I've been in the business world pretty well continuously since 1981. I've founded two companies, been the CEO of three, helped do five rounds of VC financing, and been on a lot of sales calls.
Without false modesty I can say that I am not a great businessman, but this doesn't stop me having strong opinions on it.
Business is a magnificent paradox. The Free Market, with its parade of cheerleading ideologues from Adam Smith right down to today's Economist pundits has, more or less, worked. It succeeds in creating immense quantities of (unevenly distributed) wealth, lifting people out of rural poverty and urban slums, in arranging that most people have jobs, that most things that are built are needed, and that most things that are needed are built. These are not small accomplishments.

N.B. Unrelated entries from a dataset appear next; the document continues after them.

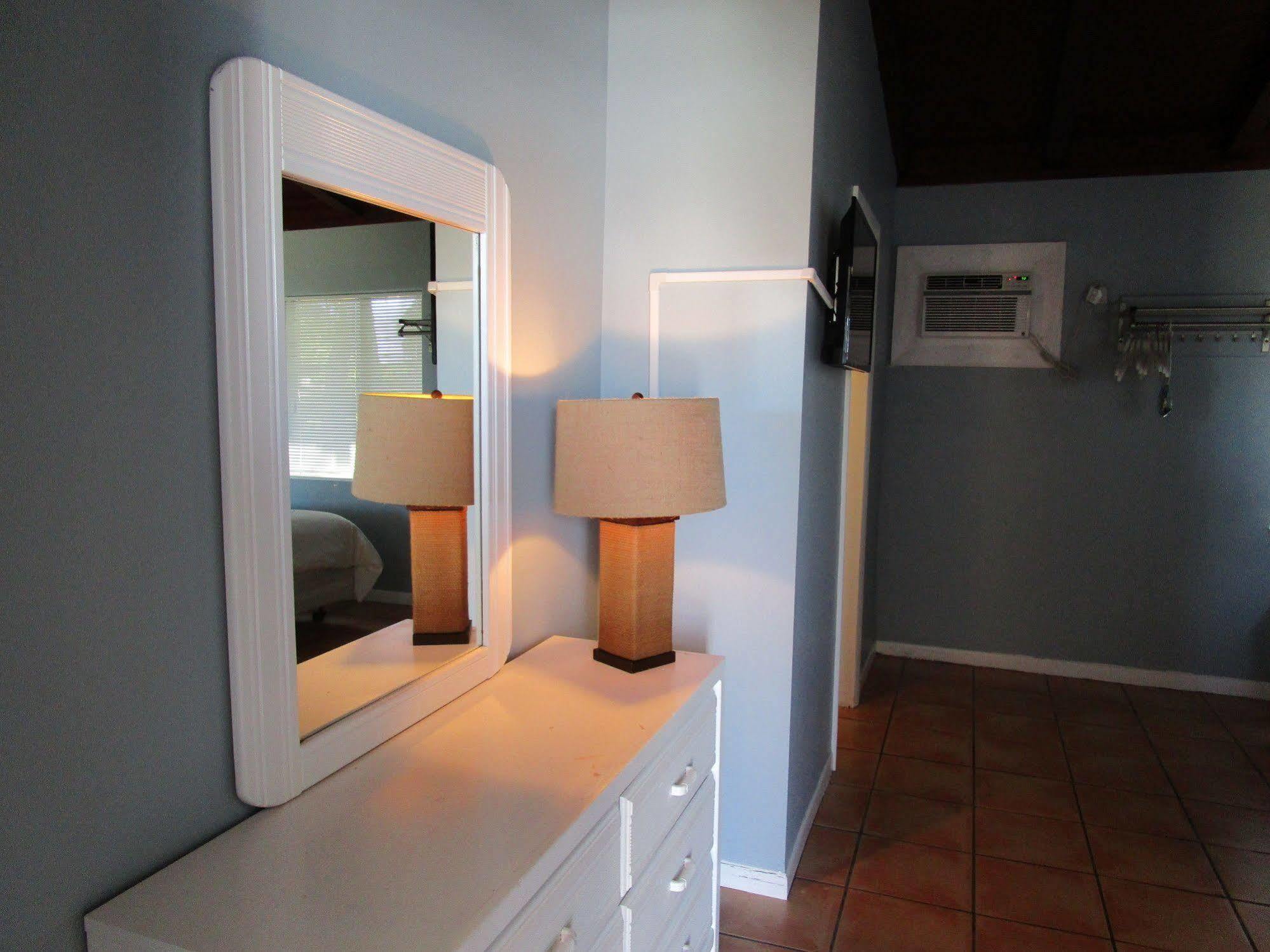Fiesta Key Rv Resort Premium Room 1 Layton Εξωτερικό φωτογραφία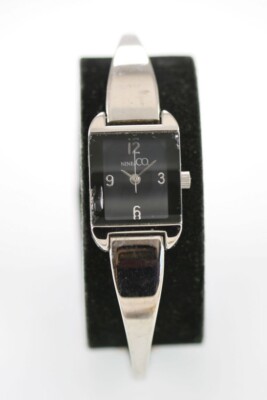 Nine & Co Damen Uhr Edelstahl Silber Quarz Batterie Wasserdicht Schwarz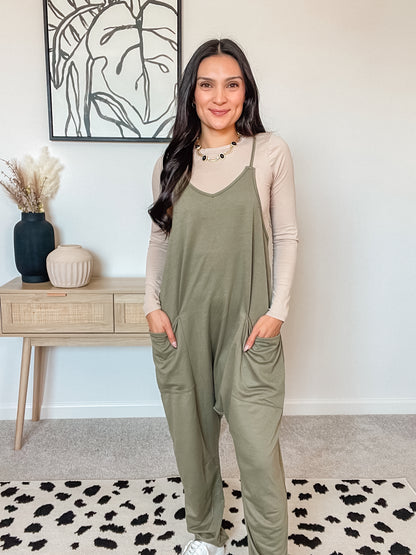 Sleeveless V-Neck Pocketed Jumpsuit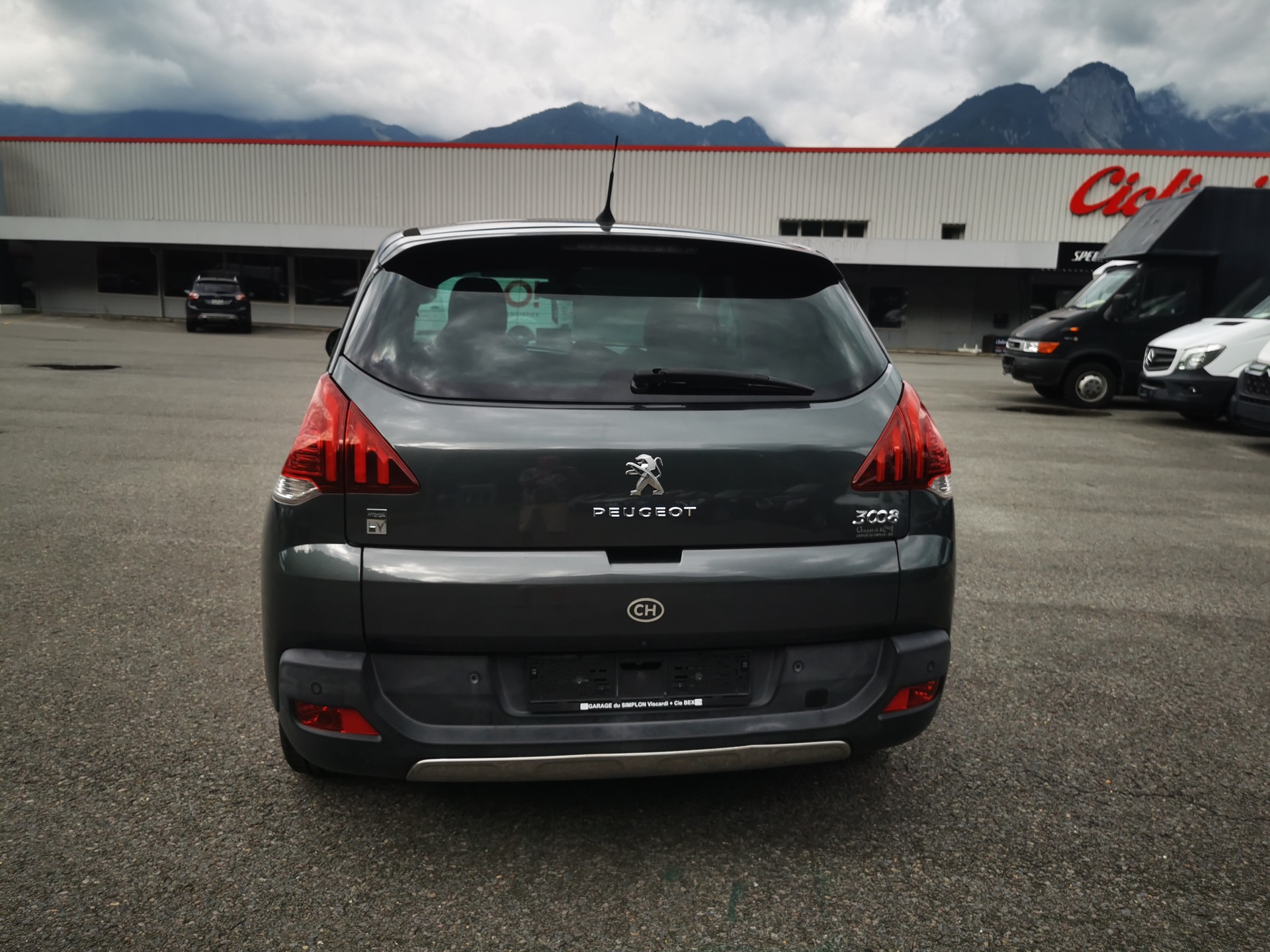 PEUGEOT 3008 HYbrid4 2.0 HDI ETG6-image-2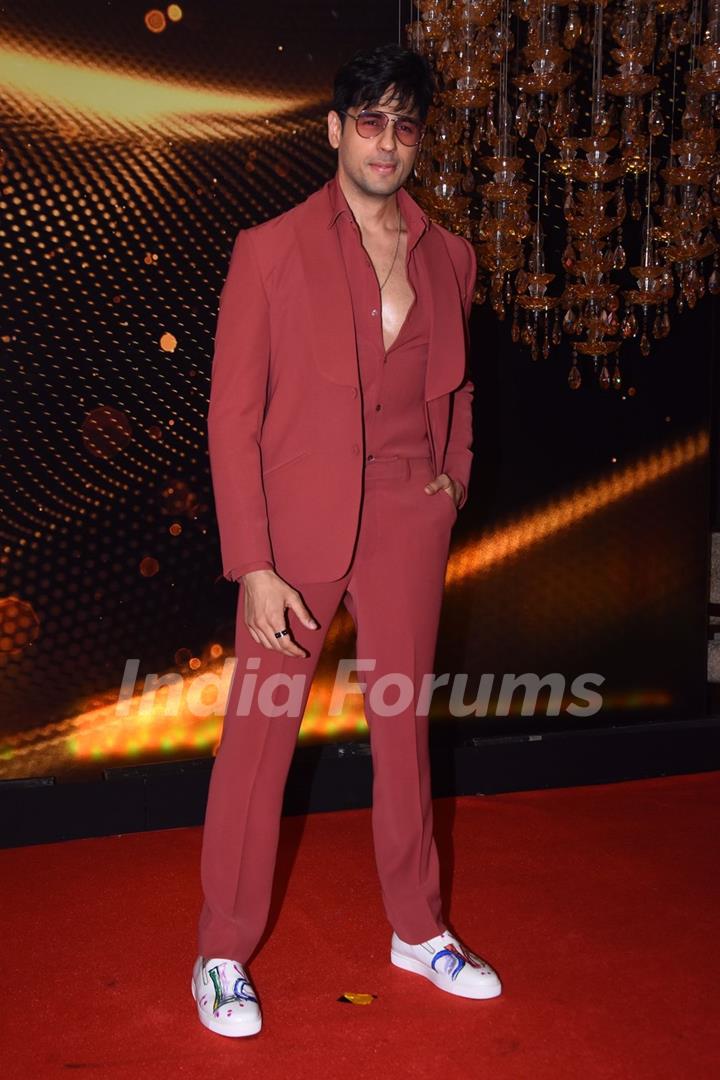 Sidharth Malhotra grace the Red carpet at the India Most Stylish Awards 2022 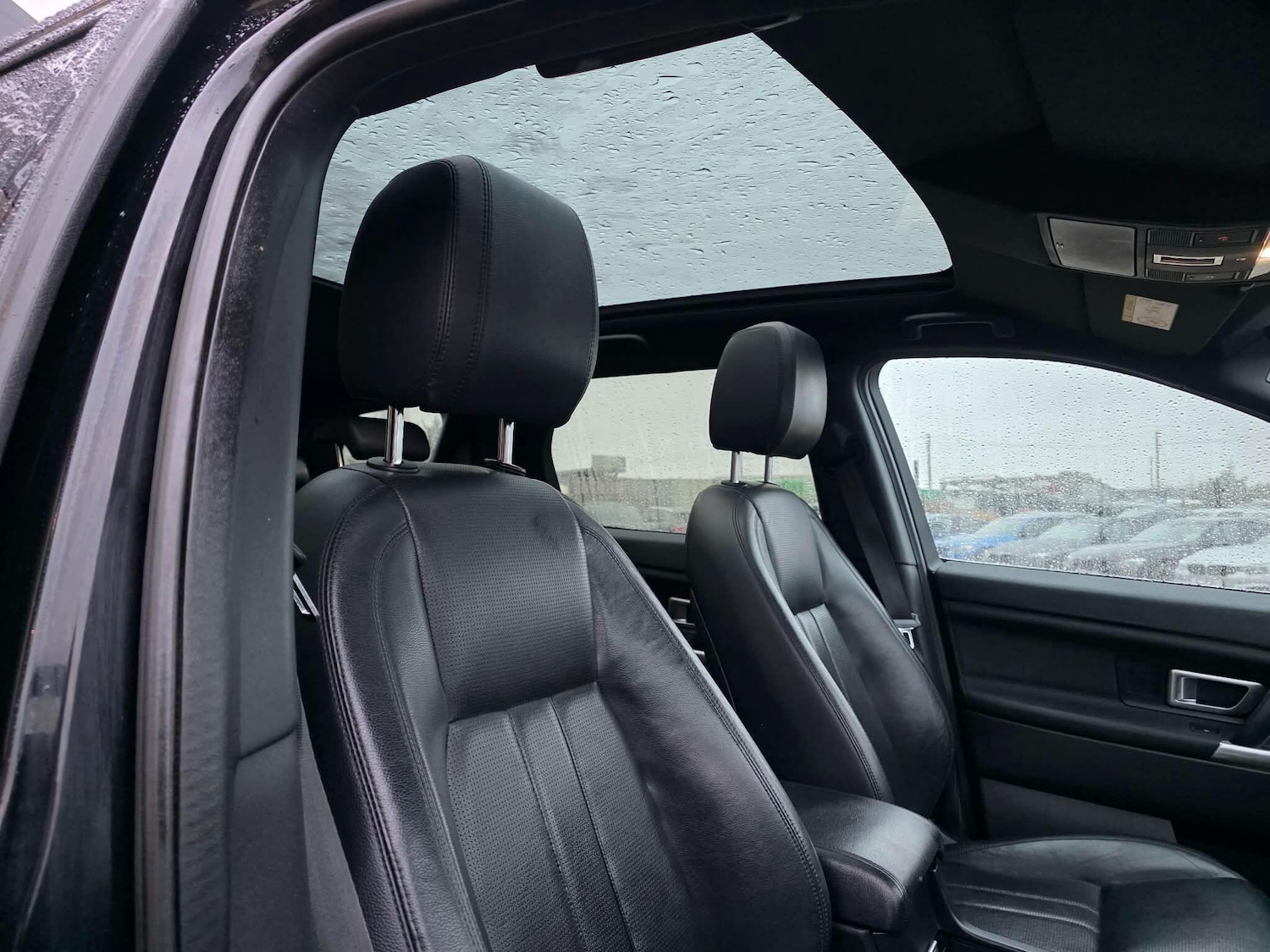 Used Land Rover Discovery Sport for sale - 77565080: Photo 17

Virtually every day when I consider the bustle of city streets and the rumble of industrial traffic, I am moved to wonder that the amount of stuff that's produced is more or less the amount of stuff that's purchased, and the amount of money that people earn is more or less the amount of money needed to do the purchasing.
And yet, and yet, and yet; business is often a filthy practice. It encourages both vile venial and monstrous mortal sin. Most people who are successful CEOs are just not people you'd want to spend time with. Business, left to itself, would rape the earth we live on, fill food with poisons, theatres with stupidity, streets with gas-guzzlers, and legislatures with puppets. All as an organic consequence of the competitive marketplace.
Thus the status quo in the developed world: markets allowed to run free to greater or lesser degree, but always a government standing beside with a gun. We the people, as the saying goes, reserve the right to impose capital reserves on bankers and environmental legislation on manufacturers and truth-in-advertising laws on marketers and insider-trading rules on investors and safety codes on product designers and salary standards on employers. We maintain a social safety net paid for with taxes in part on the rich who least need it. And we reserve the right to arrest you, try you, and lock you up if you don't play by these rules. And this is a good thing.
The free market is a wonderful thing in the abstract and in its way a triumph of human creativity. But it is a profoundly unnatural creation and would self-destruct by this time next year without those oh-so-despised public servants standing there with the guns.